Tuesday, February 18, 2014

How Should Congress Pay for Repealing the Sustainable Growth Rate?

A bipartisan, bicameral bill was announced earlier this month as the result of a joint effort by the U.S. House Energy and Commerce Committee, House Ways and Means Committee, and Senate Finance Committee to repeal and replace the Sustainable Growth Rate formula in Medicare. There is no other industry in America that tells its key professionals that their compensation will be cut by 25% at the end of each year regardless of whether they are doing a good job or not, but that’s what the Sustainable Growth Rate formula requires in the Medicare program. Repeal is long overdue and the members and staff of the Committees should be commended for advancing a solution in a collaborative way.

The key challenge now is how to pay for the bill. Unless Congress can find over a hundred billion dollars to cover the projected cost of the legislation at a time when the federal deficit is one of the biggest challenges facing the country, the superb work of the three committees will go to waste.

Although Congress is looking at ways to cut fees to other healthcare providers, cut services to Medicare beneficiaries, or make cuts in non-healthcare programs in order to generate enough savings to pay for the bill, a better solution is actually contained within the bill itself in a little-discussed section that encourages the development and use of “Alternative Payment Models.”

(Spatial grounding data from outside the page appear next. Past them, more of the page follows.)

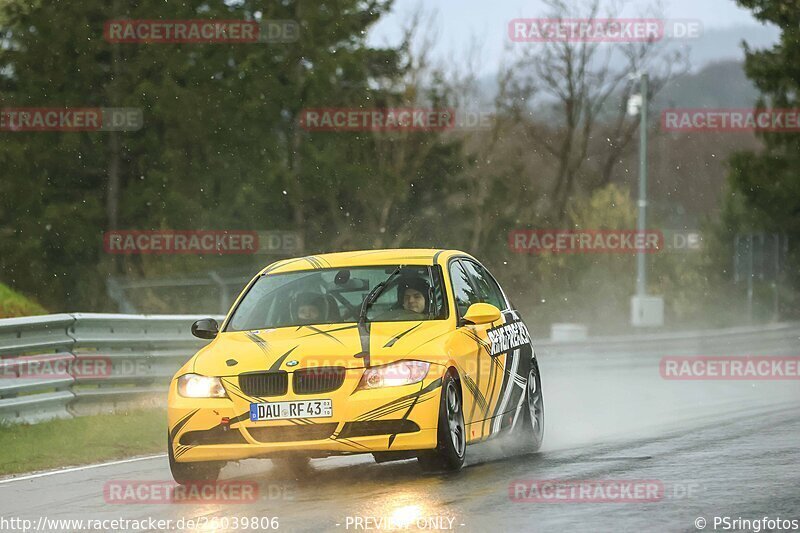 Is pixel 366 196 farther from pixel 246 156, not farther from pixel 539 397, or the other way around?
pixel 539 397

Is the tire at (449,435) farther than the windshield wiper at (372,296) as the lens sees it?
No

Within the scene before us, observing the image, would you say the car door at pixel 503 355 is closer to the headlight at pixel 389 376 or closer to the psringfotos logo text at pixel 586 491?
the headlight at pixel 389 376

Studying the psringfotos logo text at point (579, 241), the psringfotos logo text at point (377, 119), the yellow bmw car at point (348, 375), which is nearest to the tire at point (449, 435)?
the yellow bmw car at point (348, 375)

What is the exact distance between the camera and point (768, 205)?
160 feet

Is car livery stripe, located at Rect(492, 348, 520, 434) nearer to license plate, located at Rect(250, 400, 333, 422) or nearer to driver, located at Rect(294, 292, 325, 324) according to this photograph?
driver, located at Rect(294, 292, 325, 324)

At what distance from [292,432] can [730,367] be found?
56.4 feet

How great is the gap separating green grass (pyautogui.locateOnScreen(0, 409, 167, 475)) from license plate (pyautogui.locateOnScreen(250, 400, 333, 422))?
3.14 m

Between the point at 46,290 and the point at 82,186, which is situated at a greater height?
the point at 82,186

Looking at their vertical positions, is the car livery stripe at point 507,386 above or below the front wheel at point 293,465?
above

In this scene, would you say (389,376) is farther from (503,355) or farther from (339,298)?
(503,355)

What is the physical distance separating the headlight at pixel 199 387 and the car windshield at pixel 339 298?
3.03ft

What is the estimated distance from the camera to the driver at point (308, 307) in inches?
428

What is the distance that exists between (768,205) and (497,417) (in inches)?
A: 1550

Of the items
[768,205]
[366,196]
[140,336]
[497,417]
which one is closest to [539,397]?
[497,417] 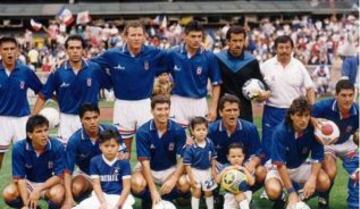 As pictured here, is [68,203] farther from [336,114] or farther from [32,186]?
[336,114]

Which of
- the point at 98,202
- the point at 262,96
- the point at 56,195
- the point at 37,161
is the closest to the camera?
the point at 98,202

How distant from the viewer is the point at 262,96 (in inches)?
274

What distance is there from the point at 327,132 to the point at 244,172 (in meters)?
0.85

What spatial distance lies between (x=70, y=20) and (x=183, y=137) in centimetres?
1941

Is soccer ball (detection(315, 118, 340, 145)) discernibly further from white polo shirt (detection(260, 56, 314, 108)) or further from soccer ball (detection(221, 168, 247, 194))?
white polo shirt (detection(260, 56, 314, 108))

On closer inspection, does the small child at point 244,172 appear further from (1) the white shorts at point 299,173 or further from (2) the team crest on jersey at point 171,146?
(2) the team crest on jersey at point 171,146

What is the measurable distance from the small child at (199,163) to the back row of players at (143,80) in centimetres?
91

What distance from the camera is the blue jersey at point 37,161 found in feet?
20.1

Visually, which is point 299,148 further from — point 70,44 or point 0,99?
point 0,99

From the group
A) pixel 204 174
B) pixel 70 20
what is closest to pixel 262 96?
pixel 204 174

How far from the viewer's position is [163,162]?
6.50 metres

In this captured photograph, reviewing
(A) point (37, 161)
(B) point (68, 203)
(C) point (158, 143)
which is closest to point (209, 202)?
(C) point (158, 143)

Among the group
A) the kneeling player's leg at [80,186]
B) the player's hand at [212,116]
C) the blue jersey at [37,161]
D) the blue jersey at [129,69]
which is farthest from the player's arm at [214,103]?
the blue jersey at [37,161]

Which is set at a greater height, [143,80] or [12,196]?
[143,80] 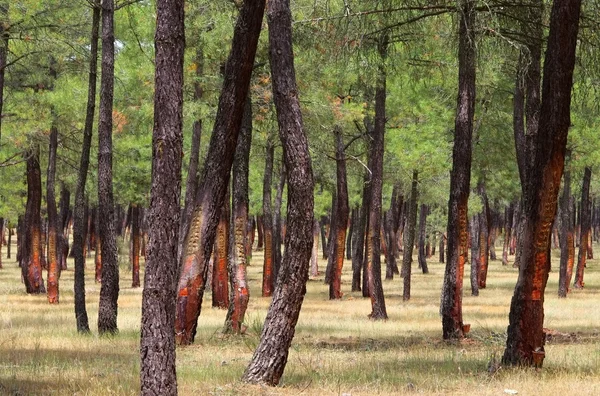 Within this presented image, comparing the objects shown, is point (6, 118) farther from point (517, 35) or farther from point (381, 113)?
point (517, 35)

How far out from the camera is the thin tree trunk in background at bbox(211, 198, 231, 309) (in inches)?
735

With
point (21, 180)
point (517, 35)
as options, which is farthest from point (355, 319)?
point (21, 180)

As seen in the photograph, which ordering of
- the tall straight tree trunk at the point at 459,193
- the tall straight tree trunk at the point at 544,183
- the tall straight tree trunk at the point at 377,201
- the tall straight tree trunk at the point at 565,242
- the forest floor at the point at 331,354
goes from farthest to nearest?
the tall straight tree trunk at the point at 565,242 < the tall straight tree trunk at the point at 377,201 < the tall straight tree trunk at the point at 459,193 < the tall straight tree trunk at the point at 544,183 < the forest floor at the point at 331,354

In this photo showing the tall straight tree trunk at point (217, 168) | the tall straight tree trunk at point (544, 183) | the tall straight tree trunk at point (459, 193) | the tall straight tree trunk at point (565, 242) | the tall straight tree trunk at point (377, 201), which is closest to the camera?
the tall straight tree trunk at point (544, 183)

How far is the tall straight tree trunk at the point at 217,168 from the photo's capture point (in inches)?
444

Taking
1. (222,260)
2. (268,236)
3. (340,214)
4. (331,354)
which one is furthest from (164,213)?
(268,236)

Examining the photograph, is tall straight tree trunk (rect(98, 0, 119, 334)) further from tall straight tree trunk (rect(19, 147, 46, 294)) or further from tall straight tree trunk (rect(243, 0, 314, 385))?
tall straight tree trunk (rect(19, 147, 46, 294))

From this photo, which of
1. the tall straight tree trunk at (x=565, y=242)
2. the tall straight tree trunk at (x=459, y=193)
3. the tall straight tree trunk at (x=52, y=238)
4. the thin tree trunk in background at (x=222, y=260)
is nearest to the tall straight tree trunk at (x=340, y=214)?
the thin tree trunk in background at (x=222, y=260)

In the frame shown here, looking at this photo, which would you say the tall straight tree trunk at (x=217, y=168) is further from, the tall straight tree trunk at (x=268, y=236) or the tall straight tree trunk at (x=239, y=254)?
the tall straight tree trunk at (x=268, y=236)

Alternative payment models for physicians can save a lot of money for Medicare while actually paying physicians better because the vast majority of healthcare spending doesn’t go to physicians. In Medicare, physician fee schedule payments represent only 16% of total spending in Medicare Parts A, B, and D. Over the next decade, the Congressional Budget Office projects that physician fee schedule payments will represent only 12% of total Medicare spending. However, physicians prescribe, control, or influence most of the lab tests, images, drugs, hospital stays, and other services that make up the other 88%.

Study after study has shown that if healthcare services are redesigned to improve quality and efficiency, tens of billions of dollars in healthcare spending could be saved every year by avoiding unnecessary tests, procedures, emergency room visits, and hospitalizations; by reducing infections, complications, and errors in the tests and procedures which are performed; and by preventing serious conditions and providing treatment at earlier and lower-cost stages of disease. If physicians are given the ability to redesign care for patients in a way that reduces unnecessary spending on all of the other services, the physicians could be paid more and still reduce total Medicare spending.

How much would physicians have to save Medicare in order to pay for the SGR repeal?

The Congressional Budget Office projects that Medicare Part A, B, and D spending over the next decade will total more than $6 trillion.[1]  The cost of repealing the SGR is currently estimated to be about $115 billion.[2]  However, that figure is unrealistically low, because it assumes that physicians would receive no payment increases over the next decade, even though they haven’t received any payment increases over the past decade. The very modest 0.5% increase in physician fees contained in the compromise bill would add another $20-$30 billion to Medicare spending, bringing the total cost of the repeal and updates to about $140 billion.[3]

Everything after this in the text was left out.